Im Publikum sitzt der überzeugte Nationalsozialist Georg Radamm, der Vorsitzende des „Verbandes deutscher Faustkämpfer“. Radamm gibt der Jury Anweisungen, den Kampf als unentschieden zu werten, als klar wird, wie der Kampf enden würde. Und die Jury befolgt dies.

Das Publikum hat Trollmann jedoch über sechs Runden hinweg als den überlegenen Boxer erlebt. Nach einer halben Stunde lautstarkem Protest und Drohungen gegen die anwesenden nationalsozialistischen Funktionäre wird Trollmann der Siegkranz um den Hals gehängt. Dem erschöpften Boxer laufen die Tränen über die Wangen – aus Wut über den zunächst nicht anerkannten Sieg und aus Freude über den doch noch zuerkannten Meisterschaftstitel.

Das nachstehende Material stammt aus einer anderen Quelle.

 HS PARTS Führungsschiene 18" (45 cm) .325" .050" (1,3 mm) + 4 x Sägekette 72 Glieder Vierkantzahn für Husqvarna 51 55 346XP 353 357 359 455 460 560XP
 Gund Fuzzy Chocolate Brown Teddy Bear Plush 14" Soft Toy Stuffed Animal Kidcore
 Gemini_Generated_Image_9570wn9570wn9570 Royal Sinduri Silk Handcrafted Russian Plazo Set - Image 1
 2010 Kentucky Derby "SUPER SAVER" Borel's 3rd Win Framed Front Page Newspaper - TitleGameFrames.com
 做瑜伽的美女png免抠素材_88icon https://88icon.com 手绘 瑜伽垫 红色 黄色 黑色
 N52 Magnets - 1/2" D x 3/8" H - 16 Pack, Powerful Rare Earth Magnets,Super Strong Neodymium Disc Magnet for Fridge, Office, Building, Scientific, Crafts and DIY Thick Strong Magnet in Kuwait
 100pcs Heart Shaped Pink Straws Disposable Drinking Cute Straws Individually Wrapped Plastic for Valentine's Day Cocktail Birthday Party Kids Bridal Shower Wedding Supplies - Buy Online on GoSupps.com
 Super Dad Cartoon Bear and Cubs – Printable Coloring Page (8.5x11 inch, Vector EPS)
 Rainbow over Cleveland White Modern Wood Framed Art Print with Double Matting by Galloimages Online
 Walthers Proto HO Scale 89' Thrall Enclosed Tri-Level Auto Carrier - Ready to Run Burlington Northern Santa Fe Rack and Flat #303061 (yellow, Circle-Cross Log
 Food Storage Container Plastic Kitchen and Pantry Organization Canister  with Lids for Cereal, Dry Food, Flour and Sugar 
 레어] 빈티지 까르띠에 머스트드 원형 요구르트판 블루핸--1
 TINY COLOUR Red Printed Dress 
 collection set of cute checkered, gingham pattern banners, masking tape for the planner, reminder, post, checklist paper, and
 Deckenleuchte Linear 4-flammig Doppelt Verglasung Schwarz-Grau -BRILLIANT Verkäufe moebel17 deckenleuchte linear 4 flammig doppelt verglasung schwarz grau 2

Die Freude währt kurz; nur eine Woche nach dem Kampf wird ihm der Meisterschaftstitel wieder aberkannt, da beide Boxer „ungenügende Leistungen“ erbracht hätten.

Doch auch ohne Titel bleibt Johann Trollmann ein Publikumsliebling und den Nationalsozialisten ein Dorn im Auge. Seine Karriere sollte endgültig beendet und Trollmann als Boxer diskreditiert werden.
Vor seinem Kampf am 21.7.1933 gegen den bekannten und schlagkräftigen Weltergewichtler Gustav Eder, wird ihm deutlich nahe gelegt, dass der Entzug seiner Lizenz als Boxer drohe, sollte er vermeintlich „undeutsch“ boxen.
Trollmann, der Aussichtslosigkeit seiner Lage bewusst, steigt mit hell gefärbten Haaren und weiß gepuderter Haut in den Ring. Mit Verzicht auf die für seinen Stil elementare Beinarbeit, ohne vor den Schlägen weg zu pendeln, stellt er sich dem „deutschen Kampf“. Nach 5 Runden ist er k.o. geschlagen und seine Karriere als Boxer endgültig besiegelt.

Das trotzige Aufbegehren im Moment des Untergangs – für diesen mutigen Akt des Widerstandes wird Trollmann bei den deutschen Sinti und Roma als Held gefeiert.

Die Verfolgung von Sinti und Roma nimmt nach dem Erlass der Nürnberger Rassegesetze 1935, in denen nicht nur die systematische Ausgrenzung und Entrechtung von Juden und Jüdinnen sondern auch von Sinti und Roma festgelegt wurden, immer stärker zu.


Die „Arisierung“ von Wohnraum betrifft fortan Juden genauso wie Sinti und Roma. Letztere werden gezwungen, ihre Wohnungen aufzugeben, um in Zwangslager wie in Berlin-Marzahn umzuziehen. Auch Mitglieder der Familie Trollmann werden inhaftiert und vor die nicht zu beantwortende Frage gestellt, sich entweder sterilisieren oder ins Lager deportieren zu lassen.

Mit dem im Dezember 1938 in Kraft tretenden, gegen Sinti und Roma gerichteten Runderlass, nimmt die Verfolgung noch an Schärfe zu. Der Weg in die Vernichtung zeichnet sich nun deutlich ab.
Bereits 1938 war Trollmann für mehrere Monate ins Arbeitslager Hannover-Ahlem verschleppt worden. Nach seiner Entlassung lebt er im Verborgenen, um weiteren Verhaftungen zu entgehen.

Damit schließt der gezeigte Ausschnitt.